What Lens Strategy?

With that constant marketing manipulation campaign Nikon is blanketing the world, a line has to be drawn against it, a preconceived strategy to counteract a disease caught on by most photographers – GAS (Gear Acquisition Syndrome). 

On the top most of our priority list, we need to first recognize that there’s only so much dry cabinet space we own, and that leaving our gears in the open humidity is just plain silly – not unless you want to end up having your gears crippled by the deadly wave of fungus found in the moist air. Can you believe it?! I manage to keep my key lenses and gears on a 30L electric dry cabinet! The remaining are always on the move with me as I travel the world for both work and leisure.

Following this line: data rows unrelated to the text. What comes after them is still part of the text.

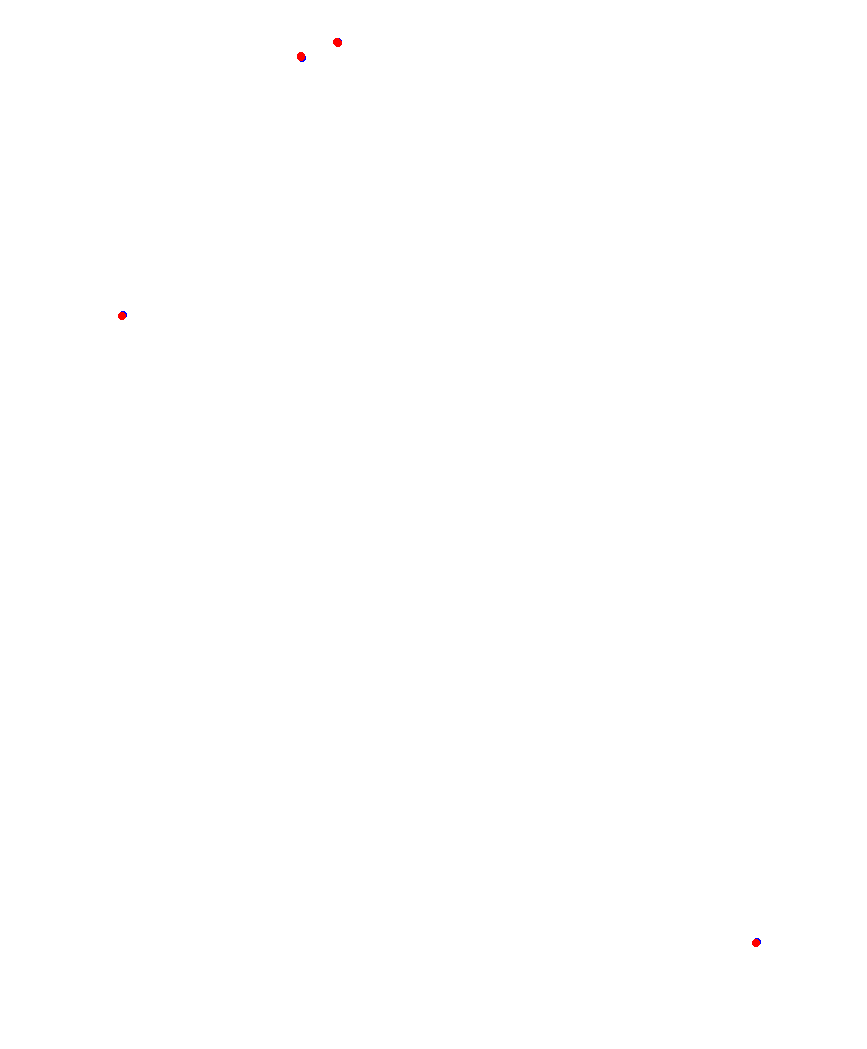 Laguna Seca collisions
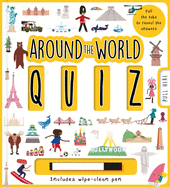Around the World Quiz Book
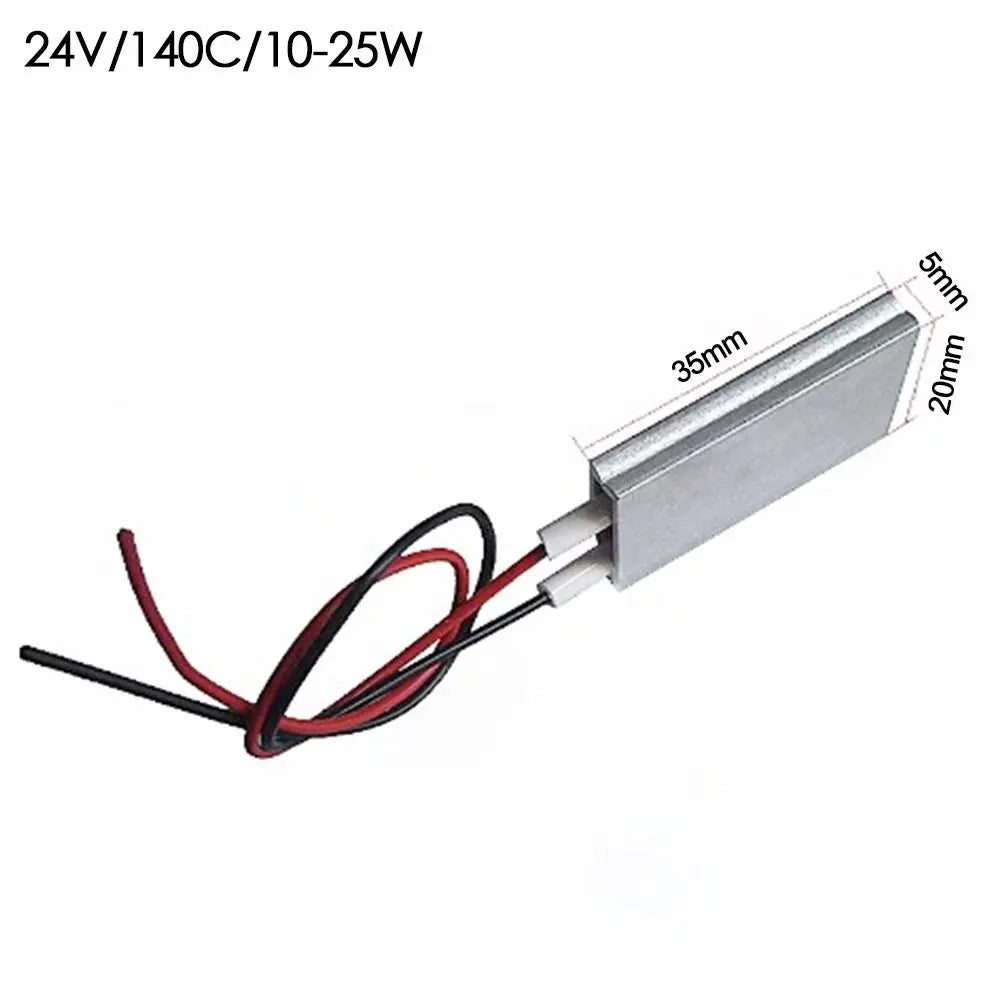 Tools 5-220V 40-270 Degrees Curlers Heater Celsius PTC Heaters Hair Dryer Accessories Heating Element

Most of us will begin with the standard zoom kit lens with that first DSLR we acquire. No big deal. For that minority twenty percent of us who actually graduates from the crowd, we typically move on towards the “zoom” path, where we systematically obtain a more and more powerful zoom lens, hoping that that would be the wisest strategy to adopt, economically. Bad move!!

Let me elaborate. To begin with, zoom lens, though convenient, destroys your desire for a keener “frame” perspective (something you need in order to get better quality moments). Secondly, zoom lens invite unwanted dust into your camera, like it or not, as you suck them in with each pump action performed by each zooming in/out action. Thirdly, the majority of the the zoom lens available (save the top pro zoom) are optically inferior and “aperture-ly” deprived compared to their prime siblings. And lastly, prime lenses when purchased collectively may still be cheaper and lighter than a combined zoom lens.   

If you ask me today, I am primarily shooting with all my prime lenses. The zoom are often reserved for classroom instructions. That’s the result of the long road traveled and lesson learnt so that you don’t need to. A vital rule of engagement to note though – shoot only with one prime lens a day without changing it. This conditioning will help improve your photography – trust me.